Has the world really shifted over the past years going from typographical to more image-centric content? Do images now have more meanings than many letters on a paper? In some point of views, America who was once very literate and dependent on print forms of communication which included books, pamphlets, and public lecture has now become something of a culture of the image. Now, newspapers have added photographs alongside their headlines making the news and journalism into an image-centric format. In Amusing Ourselves to Death, Neil Postman brings this rising conflict into view in his age and what this new beginning era of image based content is going to do to the world. With this in mind, Neil Postman has very accurate thoughts that are seen in the world in his age while some of his other claims made can’t be related at all in the present, especially since the digital age of the internet, smartphones, and social media has come out.

Television and other media have been changing the way Americans understand, behave, and believe than ever before. For example, Postman compares the attention given between a writer and television star when stating “When Charles Dickens visited America in 1842, his reception equaled the adulation we offer today to television stars, quarter- backs, and Michael Jackson” (Postman 75). This statement illuminates the vast changes a century can make. Charles Dickens, a famous English writer and social critic who visited America was widely known and given attention on but through the rise of technology and television, people who did everything in an old-style fashion were slowly being unrecognized and appreciated and instead all the attention of peoples eyes went to the screens that featured sports, news, and more. All it took for society to shift was a new invention to gather everyone up and glue them to a new way of living. 
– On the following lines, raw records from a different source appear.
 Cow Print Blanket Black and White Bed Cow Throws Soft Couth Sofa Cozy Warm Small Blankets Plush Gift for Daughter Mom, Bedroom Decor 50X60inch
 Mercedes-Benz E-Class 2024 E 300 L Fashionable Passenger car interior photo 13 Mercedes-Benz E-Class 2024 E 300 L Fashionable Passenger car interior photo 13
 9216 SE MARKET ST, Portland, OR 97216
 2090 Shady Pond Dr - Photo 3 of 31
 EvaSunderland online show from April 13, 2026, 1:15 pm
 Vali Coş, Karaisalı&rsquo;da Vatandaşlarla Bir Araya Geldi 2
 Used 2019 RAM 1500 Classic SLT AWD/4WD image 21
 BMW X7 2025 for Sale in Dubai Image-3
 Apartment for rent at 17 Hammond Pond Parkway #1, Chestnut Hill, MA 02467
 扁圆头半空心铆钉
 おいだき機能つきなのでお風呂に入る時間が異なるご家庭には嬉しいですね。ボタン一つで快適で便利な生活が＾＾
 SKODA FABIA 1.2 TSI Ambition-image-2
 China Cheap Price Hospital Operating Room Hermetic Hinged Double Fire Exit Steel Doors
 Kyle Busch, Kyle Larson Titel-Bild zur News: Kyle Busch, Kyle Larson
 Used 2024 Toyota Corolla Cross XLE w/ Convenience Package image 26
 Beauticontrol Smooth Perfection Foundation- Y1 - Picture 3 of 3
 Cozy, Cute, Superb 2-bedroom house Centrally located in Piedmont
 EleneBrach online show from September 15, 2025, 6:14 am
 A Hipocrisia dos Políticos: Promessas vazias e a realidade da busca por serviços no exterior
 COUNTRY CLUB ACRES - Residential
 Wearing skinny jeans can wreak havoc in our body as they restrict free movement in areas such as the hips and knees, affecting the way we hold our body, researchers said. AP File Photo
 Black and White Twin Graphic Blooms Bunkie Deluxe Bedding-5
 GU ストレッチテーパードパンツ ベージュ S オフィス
This prospired a new way for communication and interaction between people. Furthermore, Postman has more reasonings on how the image-centric world is a bad idea and brings negative consequences for society. For instance, this is shown when he states that "The written word, and an oratory based upon it, has a content: a semantic, paraphrasable, propositional content. This may sound odd, but since I shall be arguing soon enough that much of our discourse today has only a marginal propositional content, I must stress the point here” (Postman 50). He also includes that “Whenever language is the principal medium of communication - especially language controlled by the rigors of print - an idea, a fact, a claim is the inevitable result” (Postman 51). 

These two statements that Postman claim are saying that the audience can’t easily judge if the content is being accurately presented. Therefore, we are unable to know when someone such as politician lies, but also don’t have the claims to validate or doubt it. In contrasting between the Age of Exposition and the Age of Show Business, these statements also show the inspiration of rational epistemology through the public viewed ways as a means to create propositions that had some sort of content to judge. On the other hand, televisions don’t make any claims but still entertain us, especially when psychologically influencing us to buy products. We have now grown to no longer be skeptical on the things being shown on television. The discourse provided by television clears away from the actual content so that the public loses when judging its accuracy and truthness. 

Although many of Postmans claims are valid, many cannot apply today and aren’t resulting in negative consequences for society. In 1985, it might not have been wrong to prove that the television was dangerous and had hazardous effects of passively receiving information instead of engaging with it. But now we are in 2019, and the situation of the media has changed quite drastically in the past thirty-five years. 

The amount of viewers has shown a substantial decrease over the years. In the article, “New Pew study says local TV news viewing dropping fast,” Al Tompkins provides data and information regarding the decreased viewership in the news when reporting that “Americans are relying less on television for their news. Just 50% of U.S. adults now get news regularly from television, down from 57% a year prior in early 2016… getting from online sources” (Tompkins 1). From this statement, it goes to show how one particular interest of people’s time has been seen suffering over the past couple of years. 

All it took to lose seven more percent of viewers was a year. In addition, the viewers who have stopped using television/watching the news have now gone to the Internet. It has been approved that the Internet has a disruptive force to other media forms that came before it (such as books, news, music and film). Television, though, has not only a quantitative difference, but a qualitative one in the mass use of Internet and the television. Moreover, the point being made also shows how others are getting their things done online due to its diversity. There is so much to do and learn from the internet, even if it isn’t the perfect solution to the problems which Postman suggests. However, it is quite different to not apply in the majority of some circumstances. What people do with the internet though is the real major point of debate. 

In conclusion, In Amusing Ourselves to Death, Neil Postman details the dangers of television and the movement towards the image-centric world but in a perspective, his stance cannot hold up today. With this in mind, although most of Postman’s claims were very relevant and true to his day of age, most of his claims do not really matter now and aren’t posing any negative consequences for society. This is because of the proven decrease of viewership in television and the rise of the Internet which brings us to new interactions with the world and media, whether good or bad.